Map Courtesy of the Department of Education

One middle school in Jackson Heights may soon be less crowded.

The Department of Education (DOE) announced proposed rezoning changes to move the boundaries for I.S. 145, at 33-34 80th St., and I.S. 230, at 73-10 34th Ave. in Jackson Heights. The changes would take effect for the 2015-2016 academic year.

Under the rezoning, the boundaries for I.S. 230 would expand to serve a new annex located at 74-03 34th Ave., slated to open in September. The new building is expected to accommodate 420 middle school students.

After the rezoning, about 120 incoming sixth graders from I.S. 145 would be zoned to I.S. 230 in the 2015-2016 school year.

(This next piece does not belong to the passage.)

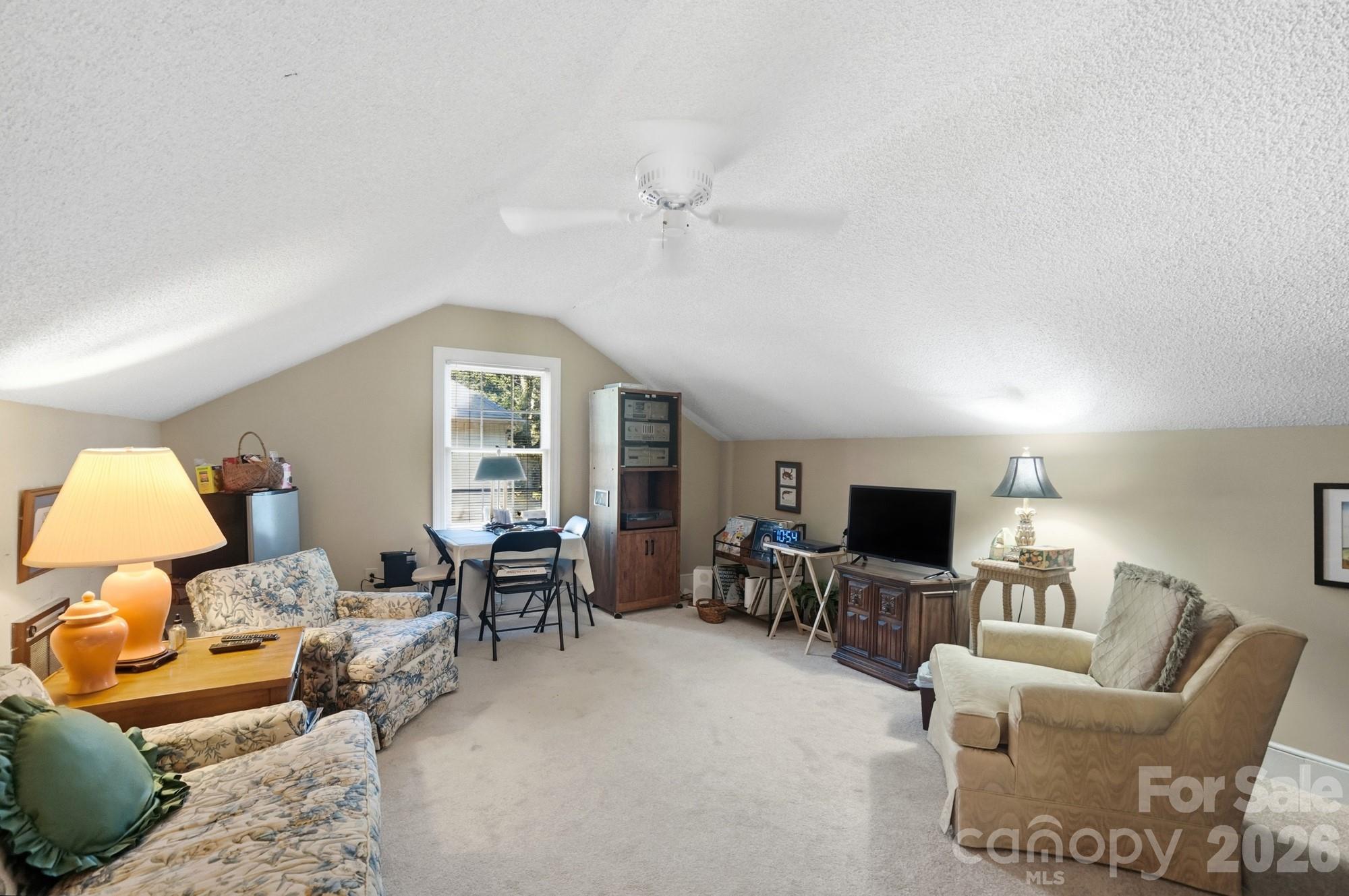 2504 Knights Court Property Photo 42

No current students will be affected.

According to the DOE, the plan was developed through working with Community Education Council 30 in addressing the needs of the community.

“This rezoning plan reflects a year-long collaboration between the Department and the CEC to create a proposal that best addresses the needs of the entire community,” said  DOE spokesperson Harry Hartfield. “Any final approval of the plan will be decided by the CEC for District 30.”

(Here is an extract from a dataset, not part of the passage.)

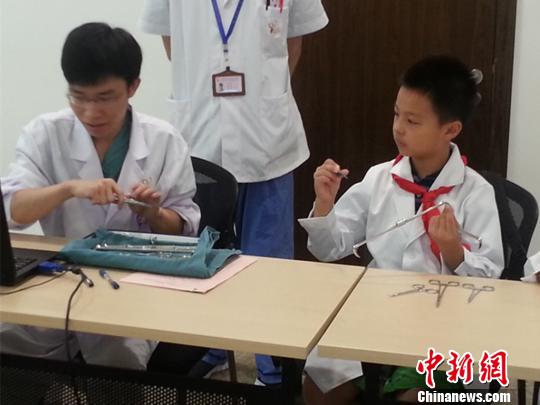 兒童暑期“職業(yè)體驗(yàn)” 醫(yī)生、警察職業(yè)受熱捧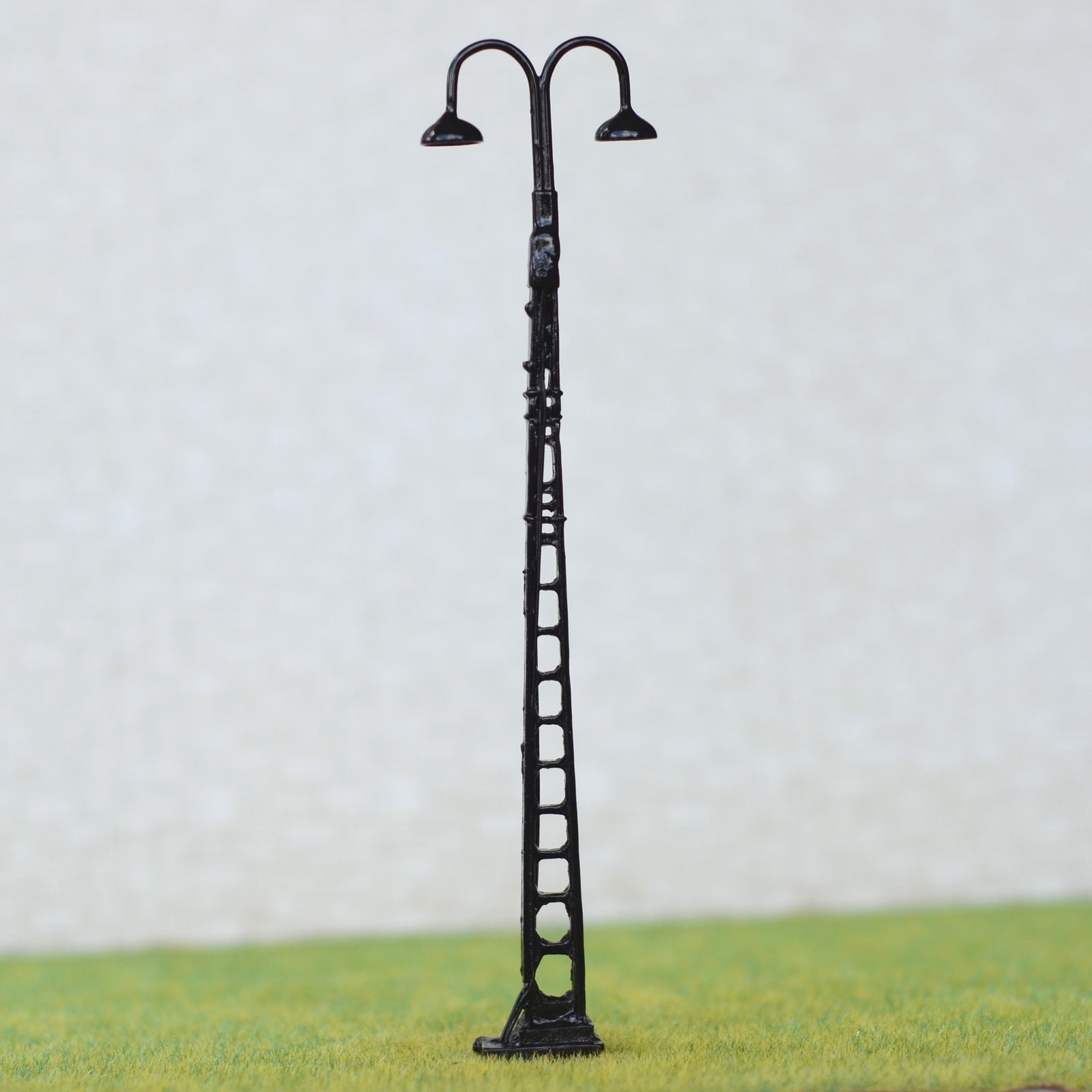 2 x OO / HO Scale Led mast tower light Model Railroad street Lamp post #TL4BL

Isaac Carmignani, co-president and chair of the zoning committee of CEC 30, said the rezoning would bring some relief to the overcrowding of I.S. 145, which together with I.S. 230, is part of School District 30 which suffers from a chronic overcrowding problem.

Currently I.S. 145’s sixth grade is 948 seats and after the rezoning, the number would drop to between 815 and 835. I.S. 230’s size would increase from 350 seats to between 460 to 480.

“It doesn’t change the fact that they are going to still be tightly packed schools,” said Carmignani. “We all are looking at the bigger picture.”

Other schools that might be affected by the rezoning include P.S. 69, P.S. 149, P.S. 212 and P.S. 222 in Jackson Heights, P.S. 228 and P.S. 148 in East Elmhurst, and P.S. 152 in Woodside.

A public meeting to discuss the proposed rezoning changes and learn more information on how it will affect students will be held on Monday, Jan. 13 at 6 p.m. at I.S. 145.

“What we are trying to do is have as much community engagement as possible,” said Carmignani. “We’re looking forward to continue working on this issue as the months and years go by.”